The Tanzanian delegation was hosted at the Chieftaincy of Defence Intelligence and Security (CDIS) in Mbuya, Kampala.
The group, drawn from NDC Tanzania Course Intake 14, 2025/26, comprises one officer from Zambia, one from the South African Defence Forces, one from Namibia, one from the Sierra Leone Armed Forces, two from Zanzibar, and the remainder from the Tanzania Peoples’ Defence Forces (TPDF).
The 47-week course has 72 participants in total: 50 from the TPDF and 22 from allied countries of Uganda, Ghana, Zimbabwe, Botswana and Madagascar.
The NDC develops and mentors national leaders by teaching them to think strategically about national security, so they can make effective policy at the highest levels of government.
Lt Gen Bakasumba described the TPDF as a historic force to Uganda since independence. He traced the evolution of Uganda’s military from the Uganda Army in 1962, through the Uganda National Liberation Army and the National Resistance Army, to the current Uganda Peoples’ Defence Forces (UPDF) following the 1995 constitutional review.
“UPDF has built enough capacity to train their own right from the basics to protect the country,” he said.

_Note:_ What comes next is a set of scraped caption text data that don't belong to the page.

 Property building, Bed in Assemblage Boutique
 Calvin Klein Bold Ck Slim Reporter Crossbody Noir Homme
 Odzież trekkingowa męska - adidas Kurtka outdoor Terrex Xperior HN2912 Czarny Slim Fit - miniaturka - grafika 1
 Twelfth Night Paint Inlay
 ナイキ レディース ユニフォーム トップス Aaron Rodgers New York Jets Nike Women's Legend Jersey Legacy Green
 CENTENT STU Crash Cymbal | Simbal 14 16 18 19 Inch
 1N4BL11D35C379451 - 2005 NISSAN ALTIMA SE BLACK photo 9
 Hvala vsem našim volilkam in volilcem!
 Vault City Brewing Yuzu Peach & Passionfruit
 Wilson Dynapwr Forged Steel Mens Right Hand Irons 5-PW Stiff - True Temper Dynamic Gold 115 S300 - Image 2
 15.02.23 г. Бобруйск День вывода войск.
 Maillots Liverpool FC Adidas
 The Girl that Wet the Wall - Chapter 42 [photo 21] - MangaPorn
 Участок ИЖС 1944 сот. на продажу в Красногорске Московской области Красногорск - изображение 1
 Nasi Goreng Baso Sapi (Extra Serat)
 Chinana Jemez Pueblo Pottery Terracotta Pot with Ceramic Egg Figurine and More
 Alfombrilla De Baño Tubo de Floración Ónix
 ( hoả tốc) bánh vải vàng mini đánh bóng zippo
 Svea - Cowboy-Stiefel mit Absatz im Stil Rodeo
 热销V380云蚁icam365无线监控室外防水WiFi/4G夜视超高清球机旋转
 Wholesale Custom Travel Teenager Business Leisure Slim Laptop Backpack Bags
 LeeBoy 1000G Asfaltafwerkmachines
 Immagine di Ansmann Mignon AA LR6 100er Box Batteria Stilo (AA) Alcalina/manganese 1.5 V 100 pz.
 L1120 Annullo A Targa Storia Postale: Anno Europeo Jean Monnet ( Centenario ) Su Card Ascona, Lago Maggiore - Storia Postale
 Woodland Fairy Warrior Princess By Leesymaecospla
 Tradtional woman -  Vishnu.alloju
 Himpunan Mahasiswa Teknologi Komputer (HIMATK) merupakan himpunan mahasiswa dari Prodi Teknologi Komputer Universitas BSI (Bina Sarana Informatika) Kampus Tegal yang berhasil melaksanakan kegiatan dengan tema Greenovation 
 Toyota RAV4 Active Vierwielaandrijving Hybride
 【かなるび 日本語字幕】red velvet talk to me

Although a young army, he added, the UPDF is performing well in the operational theatre.
“We are exporting peace to other countries like Somalia and yet they are far away from us and we don’t share borders,” he said.
“The peace exported to DRC and South Sudan are on request from President Felix Tshisekedi of DRC and President Salva Kiir of South Sudan, and on the political will of President Museveni’s leadership,” he stressed.
“We protect these regimes because when they collapse, we collapse with them,” he added.
Lt Gen Bakasumba noted that Tanzania helped Uganda liberate itself from Iddi Amin, and that the TPDF recently worked with the UPDF to arrest ADF leader Jamil Mukulu, now on trial.
He added that some UPDF soldiers trained in Tanzania, and Uganda in turn trains troops from Central African Republic and Somalia free of charge, showcasing Pan Africanism.
“Some of us are beneficiaries of TPDF training,” he said.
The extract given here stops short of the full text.